Joseph is wearing the same clothes as when I sat at this table with him. His shirt has ridden up. I see a white belly, the waistband of his underwear. A thin layer of male hair.

“You! Ma’am! You!”

A hand slams down on my shoulder. I catch a glimpse of a gloved hand, an officer in tactical gear. Helmet and flak jacket. He knocks me off balance and then I’m being hauled backward, dragged away from Joseph, toward the doorway. I scramble and twist, try to get my feet under me, finally succeed.

“Get the hell off me,” I snarl. “I’m a cop.”

“You can’t be here,” he barks. “What the hell are you doing?”

Wrenching my arm from his grasp, I grapple for my ID, yank it out. “SWAT took him out?”

“Yes, ma’am.” His eyes flick to my badge and he relaxes marginally. “Look, you’re not supposed to be here. We’re securing the scene.”

“Who gave the order?”

He blinks at the question. “I’m here to clear the house and secure the scene. You’ll have to take that up with the guy in charge.” He raises his hands, tries to herd me away from the scene as if I’m some dense animal.

“Kate! Kate!”

I glance right, see Tomasetti striding through the living room, his phone against his ear, his face grim.

“Come with me,” he says.

When the SWAT officer doesn’t back off, Tomasetti shoves his ID in his face. “I fucking got this,” he growls.

The officer raises his hands, but holds his ground, watching us.

“He’s dead.” I glance at the river of blood, the spray on the wall, and I see Joseph the way he looked at me that final time. “The kids…”

“They’re fine.” Then Tomasetti’s hand is on my biceps and he’s guiding me through the kitchen doorway, into the living room, toward the door where half a dozen cops are coming through. “Let’s go. They’ve got to secure the scene and we’re in the way.”

It feels wrong leaving Joseph like that. Bloody and sprawled on the floor. He’d hate that, I think. Wouldn’t want anyone to see him that way.

I make a halfhearted attempt to free myself from Tomasetti’s grasp. He doesn’t release me.

“Kate.” He says my name in a low voice as we go through the door. “You okay?”

“I’m fine, damn it.”

He frowns. “Uh-huh.”

I plant my feet, stop and turn to him. “Who gave the order? Why wasn’t I told?”

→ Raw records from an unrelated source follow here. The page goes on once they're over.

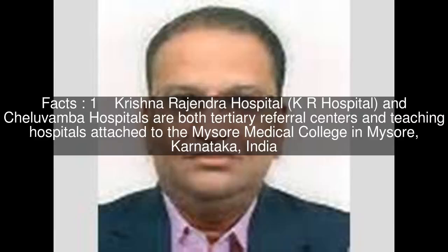Krishnarajendra Hospital, KR Hospital, and Kilavamba Hospitals are both tertiary referral centres and teaching hospitals attached to the Mysore Medical College in Mysore, Karnataka, India.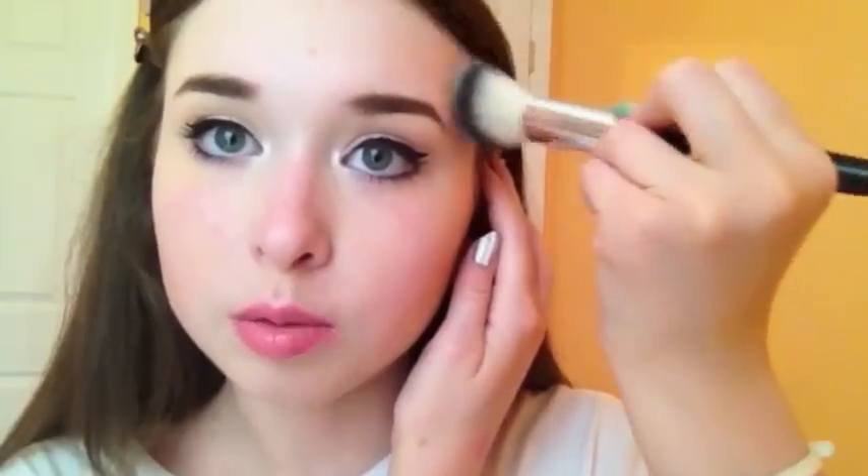And then the last place I'm going to contour is right here on my temple area. This just brings your face in so you have more shape to your face. Taking a little bit of powder, I'm just going to go right here on my temples and blend it up into the hairline. So contouring is done. And I'm just going to take my powder brush again and just lightly blend. You don't want to blend too much or else it will look muddy.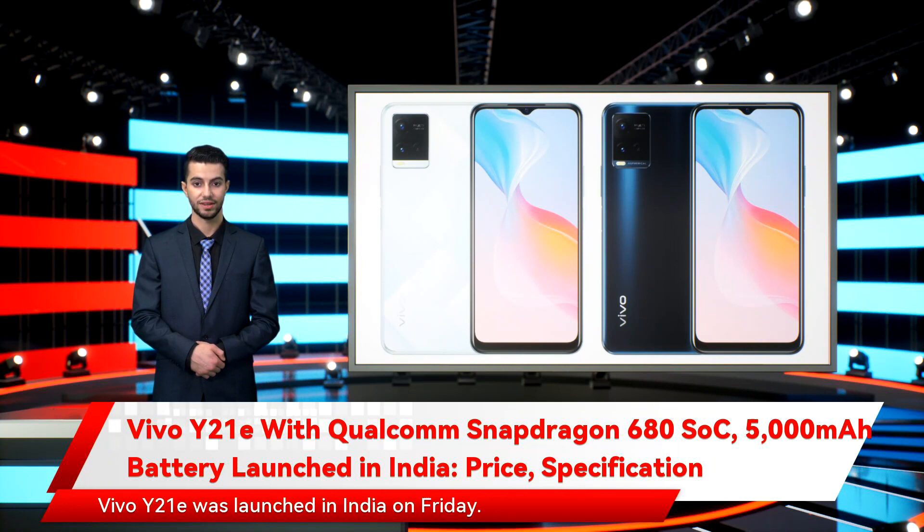Vivo Y21E was launched in India on Friday. The pocket-friendly smartphone is powered by a Qualcomm Snapdragon 680 SoC. It packs a 5,000 mAh battery, which offers fast charging support and reverse charging feature. It will only be offered in one configuration. As per the company, the Vivo handset is aimed at millennials and offers best-in-class features, including an eye protection mode to filter out harmful blue light and face wake to unlock the smartphone.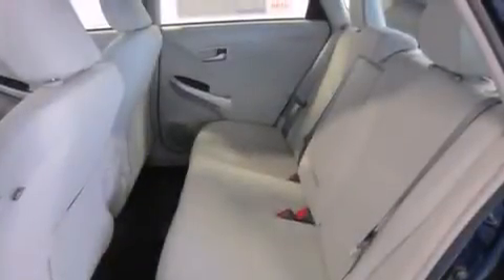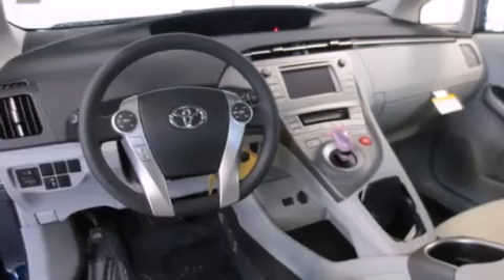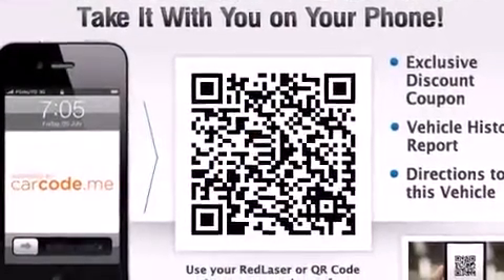The following features are also included: a low-tire pressure indicator, cruise control, side impact airbags, rear seat child-proof door locks, heated side view mirrors, and a rear window wiper.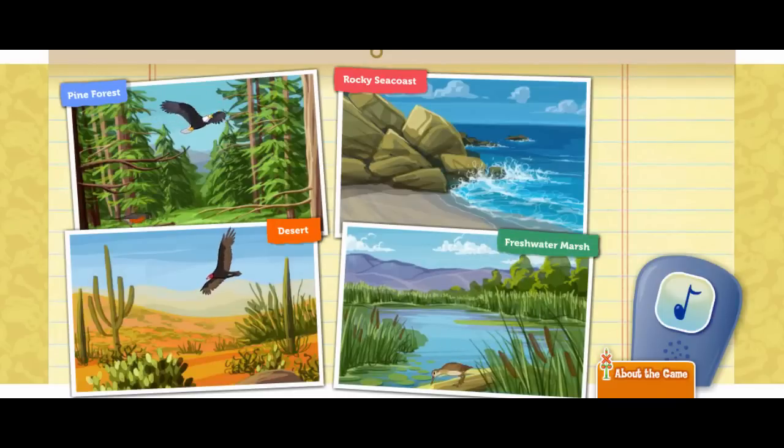You did a great job helping each bird find its habitat. They look very happy. Remember, many of these birds can be found right in your own backyard. So get out into nature and make your own discoveries.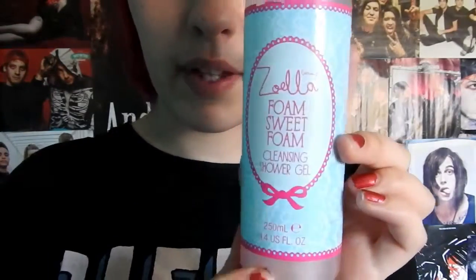Still on the subject of Zoella but a different product — this Zoella Foam Sweet Foam Cleanse and Shower Gel is very good. I have two of these in the bathroom; this one has been opened and this is a new bottle. I'm going to try and describe what it smells like, but I'm really bad at describing smells — it just kind of smells like loads of fruits mashed together.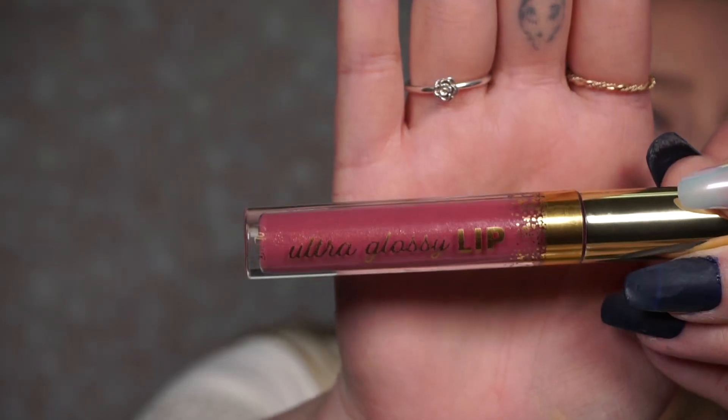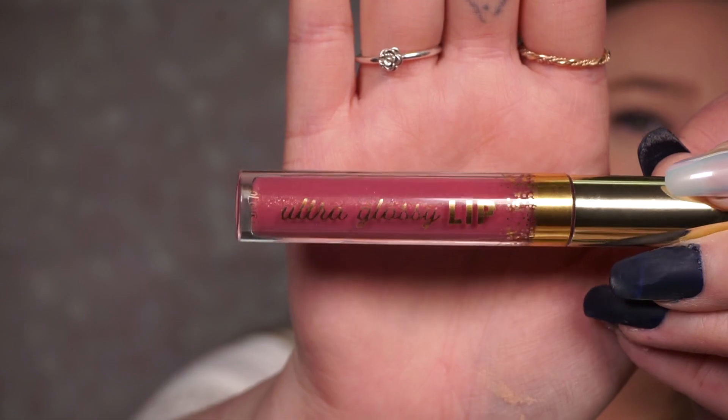Now that my face is pretty much done, I'm just going to put something on my lips. I have pretty bright lips naturally, so I'm just going to put on a gloss — the Ultra Glossy Lip by ColourPop. There's not much to say about this — just don't miss your lips.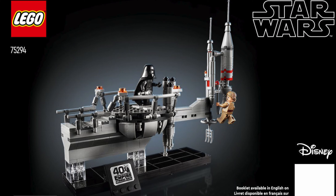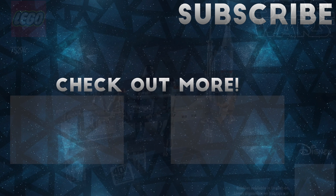Let me know in the comments below what your thoughts are on this. Do you like it? Are you planning on getting it or not? Let me know. If you did enjoy this video, then please do consider subscribing as well as leaving a like — it really helps out a lot. But thank you very much for watching and I will see you in the next one.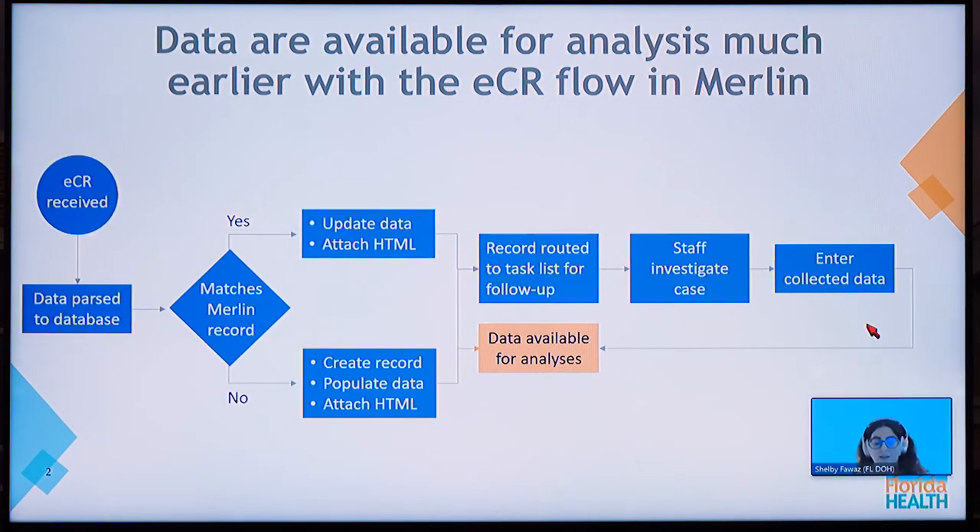Comparing Duane's electronic initial case report to more traditional electronic laboratory reporting or paper-based reporting, the data are available for analysis much earlier with ECR flow into Merlin. The ECRs received are parsed into a database which determines if there is an existing Merlin record. If yes, it matches, updates the data on the record, and attaches the HTML. If there's no match, it creates a new record, populates it with data, and attaches the HTML. The record is then routed to the Merlin task list for follow-up by county staff, where it is available immediately for analysis — meaningfully improving timeliness of intervention and giving us the full picture of Duane's case.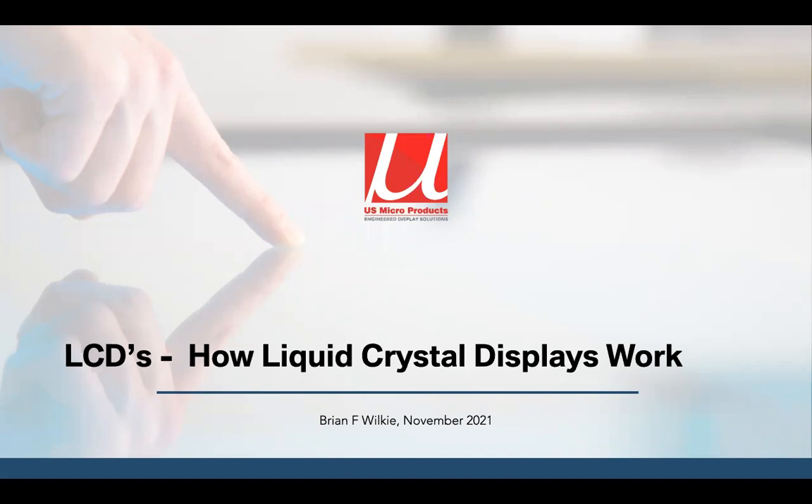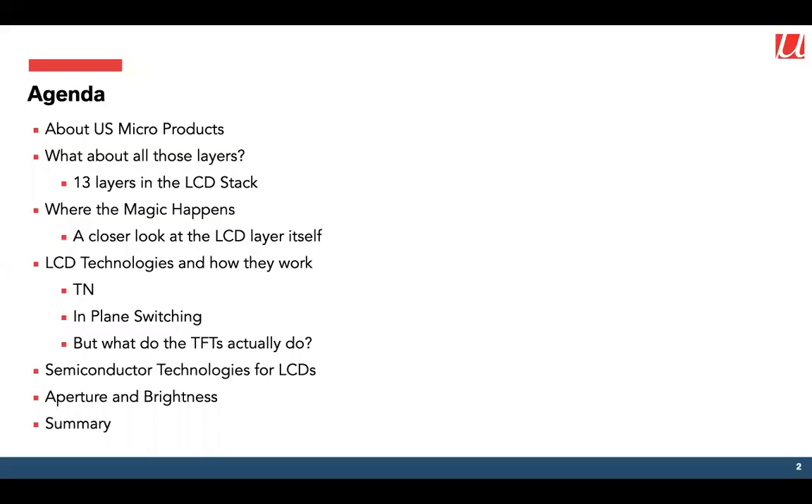Good afternoon everybody, my name is Brian Wilkie. I'm going to try to explain to you how liquid crystal displays work. I'm the VP of Engineering for North America at US Micro Products. Let's start by taking a look at what we're going to go through: I'm going to talk about US Micro Products, about all the layers in the LCD stack, and then take a closer look at the operation of the liquid crystal section itself. We'll go through a few of the different technologies available in LCDs and the different semiconductor technologies that are used, then finish by looking at how much light we have to put in the back to get a decent bright and colorful display at the front.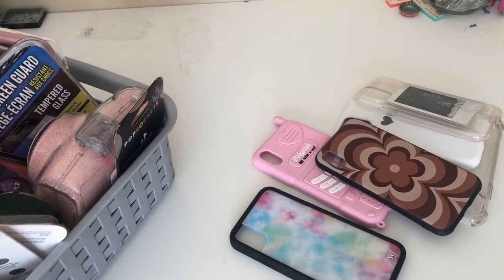Welcome back to my channel! Today I'm going to be showing you guys my iPhone X phone case collection. You guys really liked my iPhone videos so I'm doing another one. Don't forget to like the video when you're done watching if you enjoy it, and comment down below any video suggestions you may want to see for my channel in the future.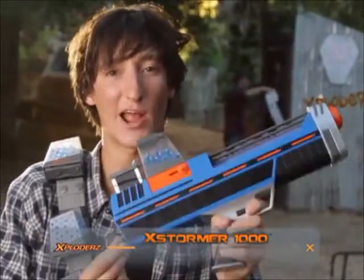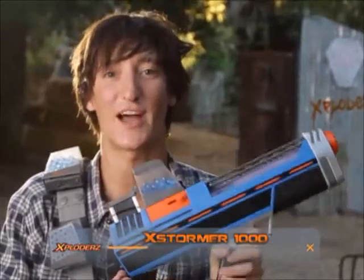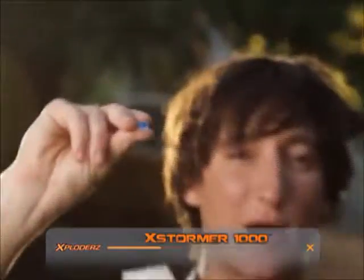I always said bigger is better. That's why I got me this here Exploders X-Stormer 1000. Should shoot some bullets that bust real nice on something hard.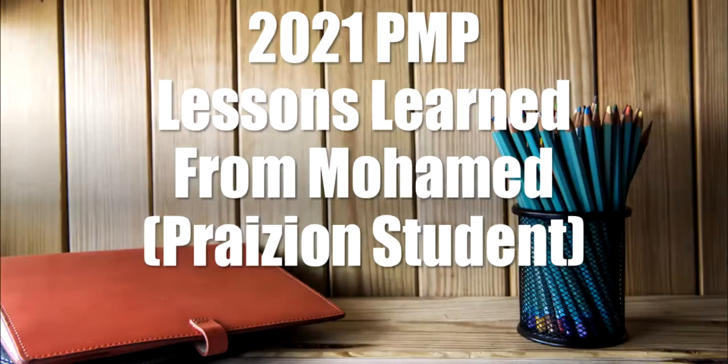2021 PMP Lessons Learned from Mohamed, a Praisyon student. Mohamed, our student, has passed the exam and has been very kind enough to share insights.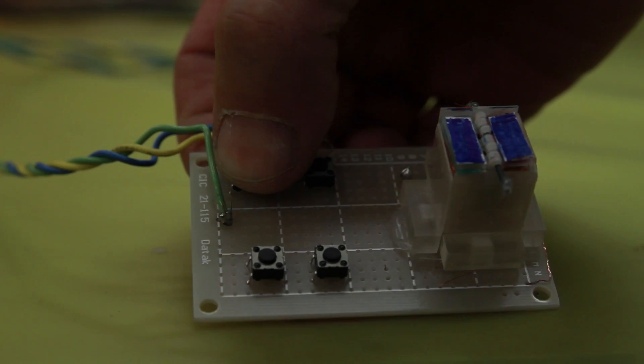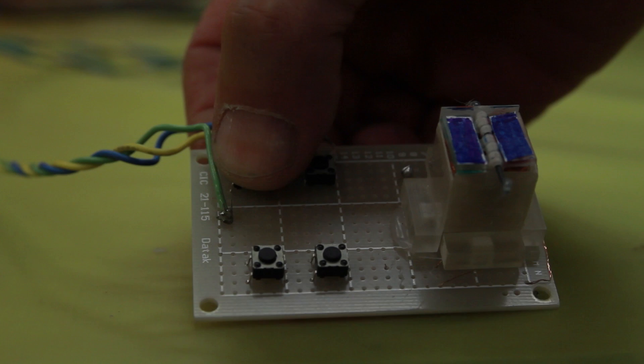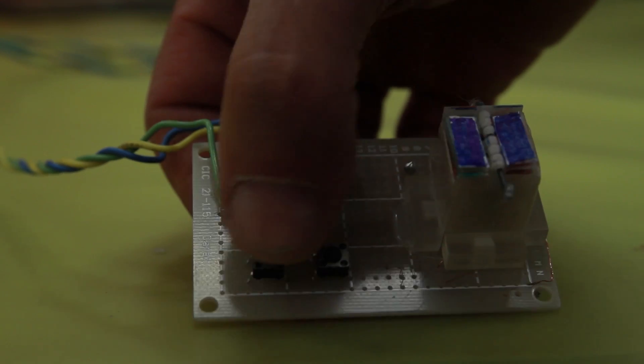The course I teach in semiconductor materials and devices is very popular. It's an introduction to how transistors work and students love learning about it. They've often been waiting to do that because we only teach this course when they're in their third year, so they're quite keen by that time to really learn how transistors work.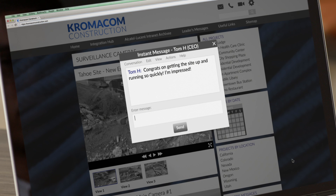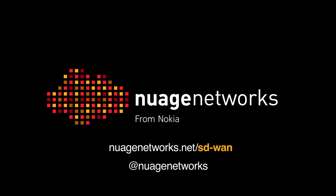John gets wide area networking on his terms. For more information, contact us at nuagenetworks.net.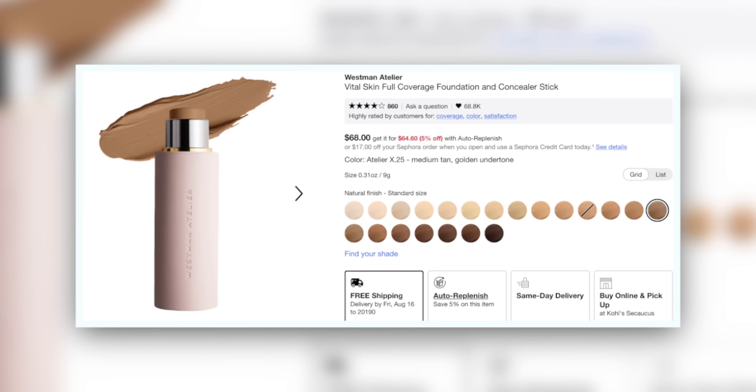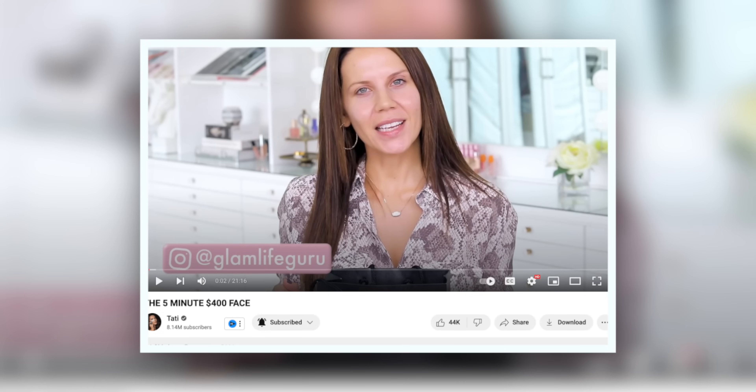If you're unfamiliar with Westman Atelier, welcome. This is not yet refillable but apparently in the works. This is one of the original products put out by Gucci Westman, and I've had my third one only because she released better shades and broadened the range after getting into Sephora. The Westman Atelier stick has been $68 since the beginning — through all this inflation, it's been $68 since Tati reviewed it years ago. Now it doesn't seem completely insane because everyone else kept raising prices around them.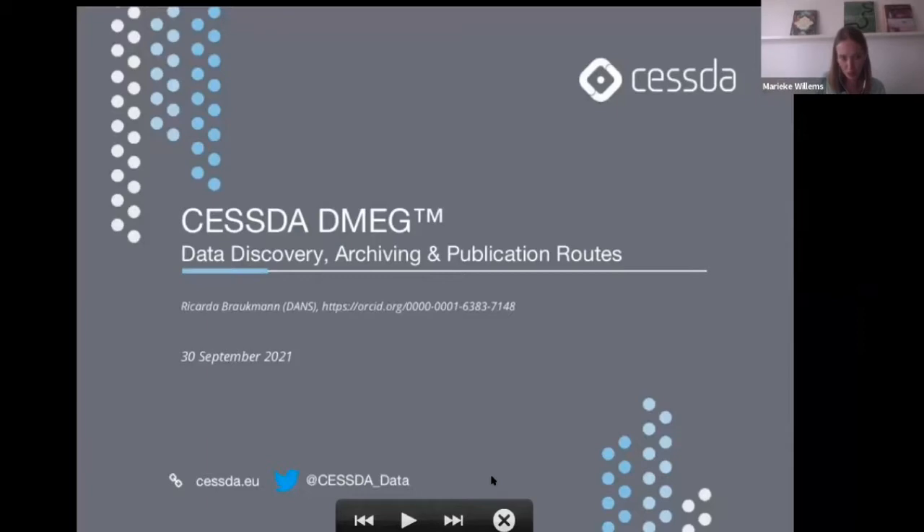Dr. Ricarda Brakman works as data station manager for the Social Sciences at DANS — Data Archiving and Networked Services — the Dutch national center of expertise and repository for research data. Ricarda is involved in various international projects including CESSDA and SSHOC, working on research data management support, open science engagement, and training activities.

“Ryan and Crowder worked it out. You weren’t part of it.”

“Did you know?”

“The order came down fast, Kate. Once King fired on law enforcement and they were able to take a clean shot, the decision was made. A sniper was put in place and he waited for the opportunity. Took the shot through the kitchen window.”

“Tomasetti, King wasn’t armed—”

“Yes, he was, goddamn it. He had a rifle. He had your fucking handgun. He fired on deputies.”